### What you should do
Write out a word-for-word repetition of the lines that come before the line containing "Hey, this is" in the listing below, along with that line itself, omitting pictures.

### Supplied data
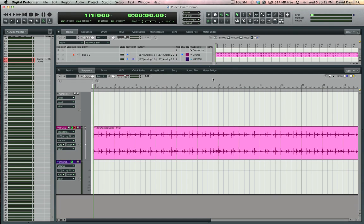Punch Guard is a new feature in DP-8 that seamlessly captures extra audio before and after your record pass. This can be very useful if you're trying to do an on-the-fly punch-in or punch-out and you miss the timing slightly.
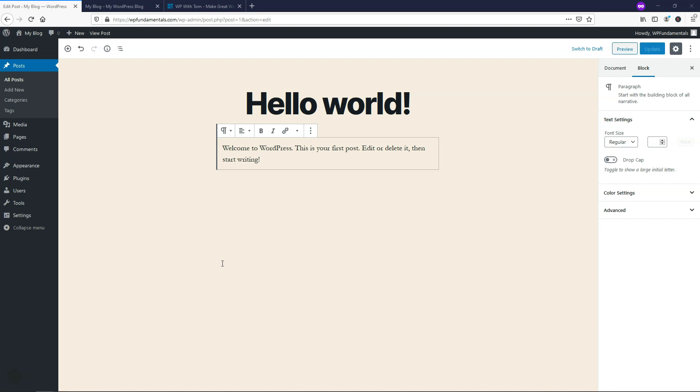Hey, this is Tom from WPWithTom.com, and in this video I'm going to show you how to make images into links on WordPress. So let's dive into that now.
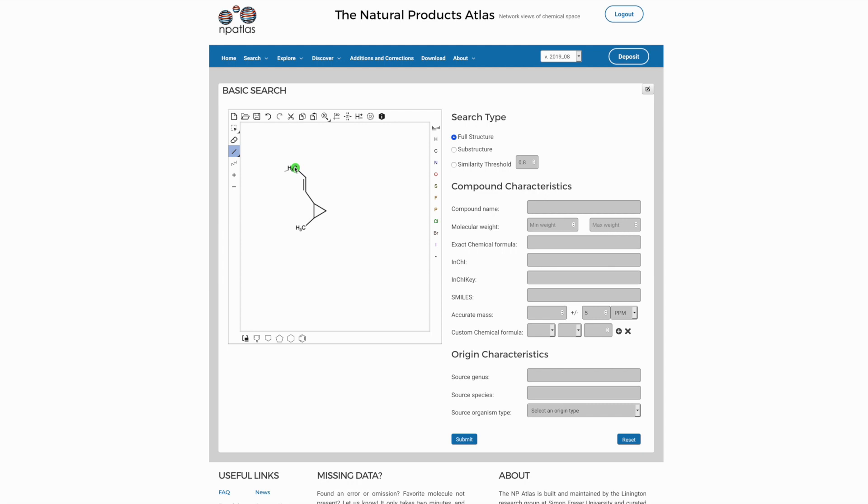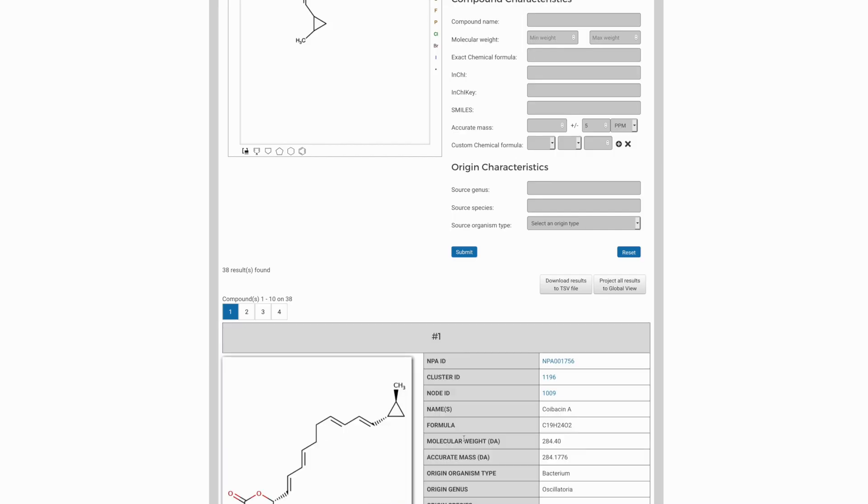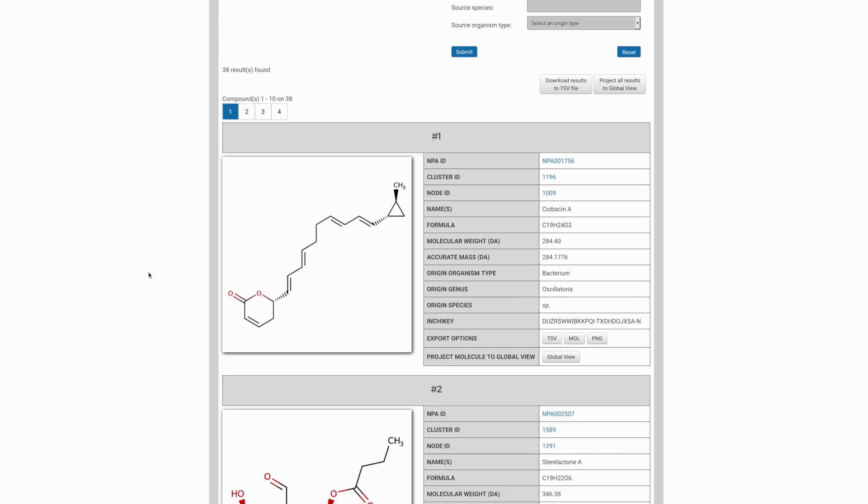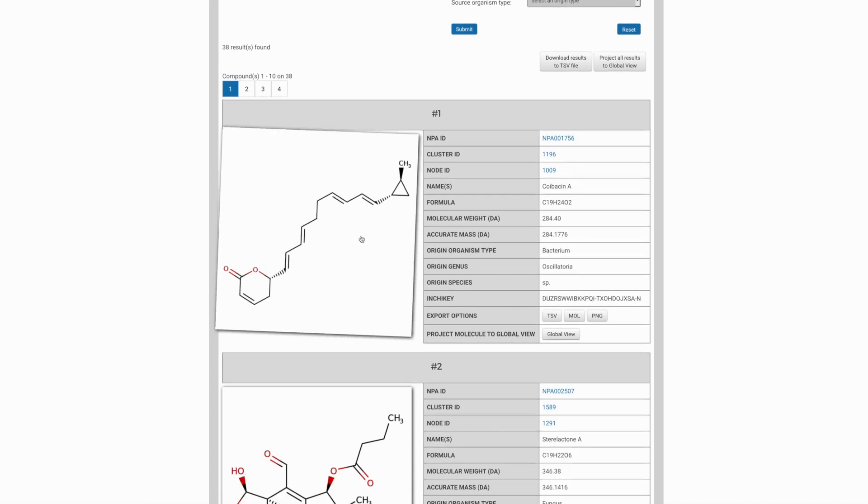it's possible to use this information with a substructure selection to find all the other molecules in the atlas which have this kind of connectivity. So if we submit this simple query, the atlas returns 38 possible hits. And if we look at the first in the list here, we can see that it does indeed contain the functional group we would expect.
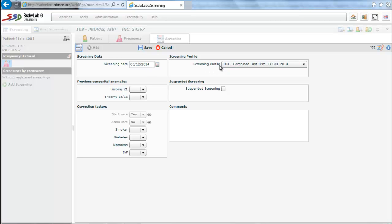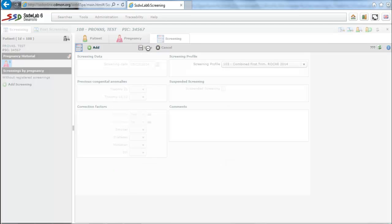We choose a combined first trimester screening profile, which comes by default. We note that there is a section regarding previous anomalies and another that refers to the correction factors. We can observe the black race is marked as we have previously defined.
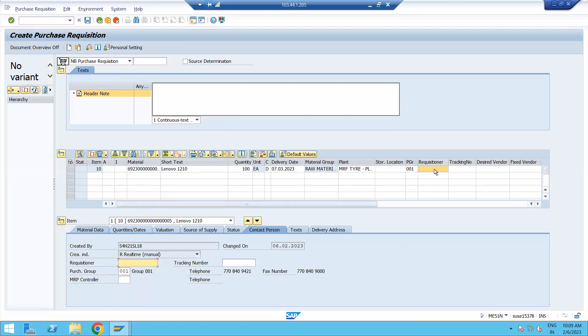The system will ask for the Requisitioner — this is whoever is creating the PR because they require the material. Sometimes a colleague may be on leave and someone else creates the PR on their behalf, so in that case you mention the requisitioner's name accordingly. Enter the name and press Enter.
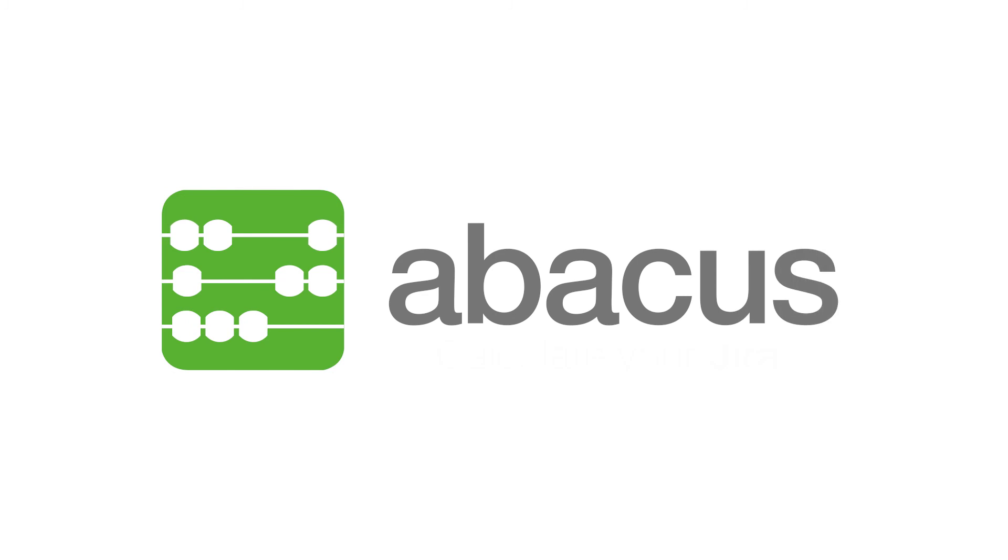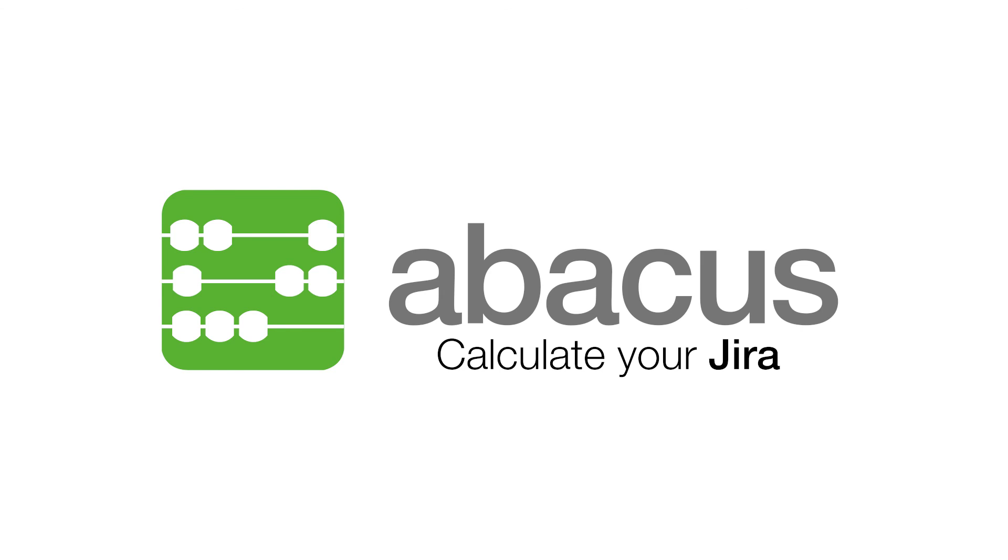Isn't it time to solve your JIRA? Download your free trial of Abacus in the Atlassian Marketplace today and start solving JIRA in a breeze.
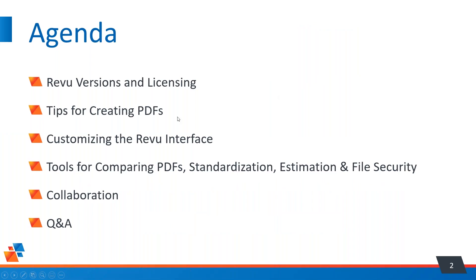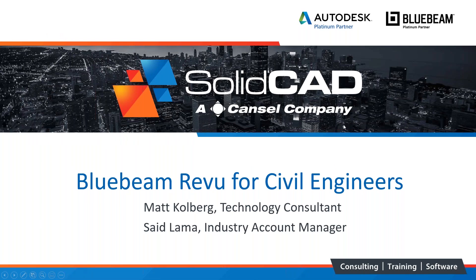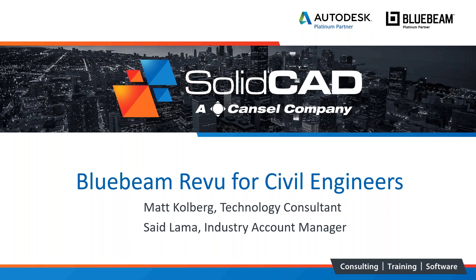All right, let the show begin. Saeed Llama, take it away.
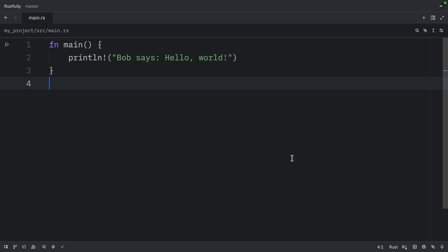In this video, we're going to learn how we can conditionally implement methods based on trait bounds. And this will be the final video on traits before we jump into lifetimes.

### Solution for this problem
Punch Guard is a new feature in DP-8 that seamlessly captures extra audio before and after your record pass. This can be very useful if you're trying to do an on-the-fly punch-in or punch-out and you miss the timing slightly.
Hey, this is Tom from WPWithTom.com, and in this video I'm going to show you how to make images into links on WordPress. So let's dive into that now.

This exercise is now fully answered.